Former Rotarian was financial controller for law firm
Michael Sean Levitt, former financial controller at law firm Solomon Harris, was sentenced on Friday to seven and a half years in prison after pleading guilty to thefts totalling US$846,216.
The thefts involved 80 various transactions over a period of three years from December 2009 to December 2012. Crown counsel Michael Snape said the thefts were from the firm’s own accounts and not client accounts.
Mr. Snape and defense attorney Ben Tonner agreed on a hearing in three months to determine whether Levitt has assets that can be the subject of a confiscation order. Some assets have already been signed over to the firm, Justice Malcolm Swift was told.
Mr. Tonner said that Levitt, 56, arrived in the Cayman Islands after Hurricane Ivan in 2004. Convicted for work-related thefts in South Africa and Canada in the 1990s, he came here with the idea of starting with a clean slate.
Levitt worked at a local hotel and then two other businesses, volunteering with several charitable organizations. He was invited to join a Rotary Club, served as president and was voted Rotarian of the Year, Mr. Tonner said. A fellow Rotarian encouraged Levitt to apply for the position at Solomon Harris after they had worked together on a Rotary committee.
Justice Malcolm Swift commented on this background during sentencing. “I am satisfied that your involvement in Rotary demonstrates that you are also guilty of some degree of hypocrisy because it was, in my view, used by you as a tool for obtaining employment in which you were capable of stealing,” the judge said.
The only mitigating factor in Levitt’s case was his guilty pleas, which had saved the need for a trial, Justice Swift said.
The maximum sentence for theft in Cayman is 10 years.

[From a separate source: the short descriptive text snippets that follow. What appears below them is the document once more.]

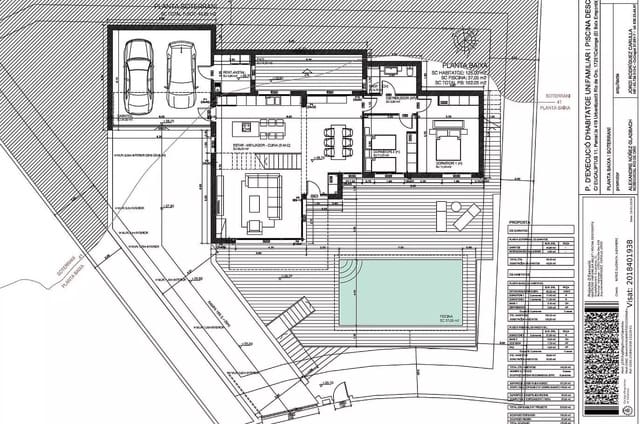 Ubebygd land til salgs i Calonge i Sant Antoni - € 105 000 (Ref: 9930395)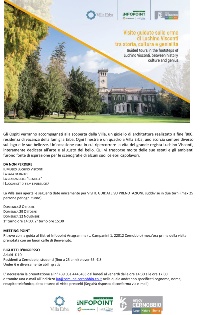 LOCANDINA VISITE GUIDATE VILLA ERBA ita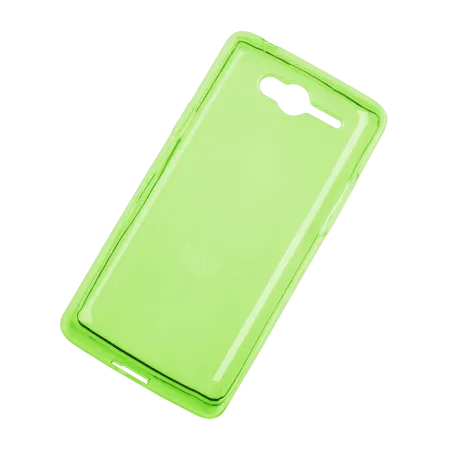 Etui silikonowe do modelu Drive, Drive2 (bateria 4000mAh) zielony Kruger&Matz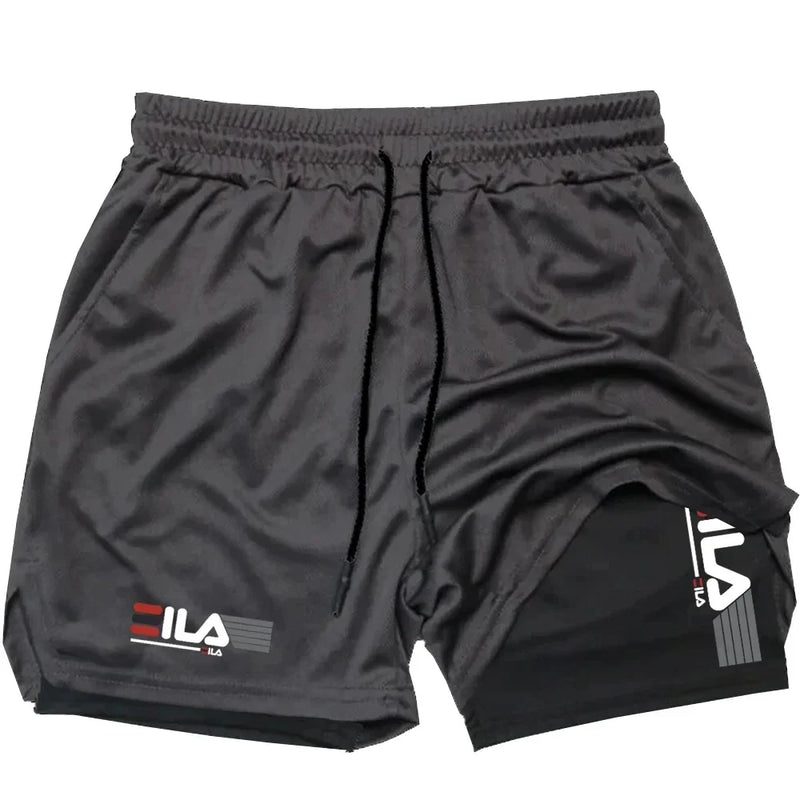 Shorts Estampado Masculino LAMLKKY – Estilo Casual com Pegada Esportiva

Mr. Snape cautioned the court in being too concerned with the amount, citing other aggravating factors, especially the degree of trust Levitt had enjoyed.
Levitt “broke that trust in almost every possible way,” Mr. Snape said. One way was to submit a requisition form with a check that needed a partner’s signature. All but one of the forms subsequently went missing, leading to the inference that the forms were destroyed because they were bogus.
Cayman is a jurisdiction that relies heavily on the financial industry, Mr. Snape noted, and legal firms are essential to that industry.
Judge Swift said it was difficult to imagine a greater position of trust than financial controller. Levitt’s offending caused loss to his employers, had placed an intolerable burden on his fellow employees, and had put the high reputation of the firm at risk of potential damage, the judge said. “You took that risk without a care,” he told Levitt.
The judge said he did not accept that Levitt’s crimes elsewhere had stemmed from exposing criminality: “I think you are a person who makes up excuses,” he said.
He pointed out that Levitt was not in dire circumstances when the thefts occurred and there was no sudden demand on his income. The judge quoted Levitt as saying in a written statement, “I got caught up in the Cayman dream.”
Mr. Tonner had referred to this mind set in his mitigation. He said he had asked his client why he took the money and the answer was that Levitt saw people around him enjoying their high standard of living and he felt he had to conform.
Taking everything into account, including reference letters and a report from the prison service, Justice Swift concluded that eight years was the appropriate starting point for sentence. He increased that to 10 years for the aggravating features and then deducted 25 per cent credit for the guilty plea.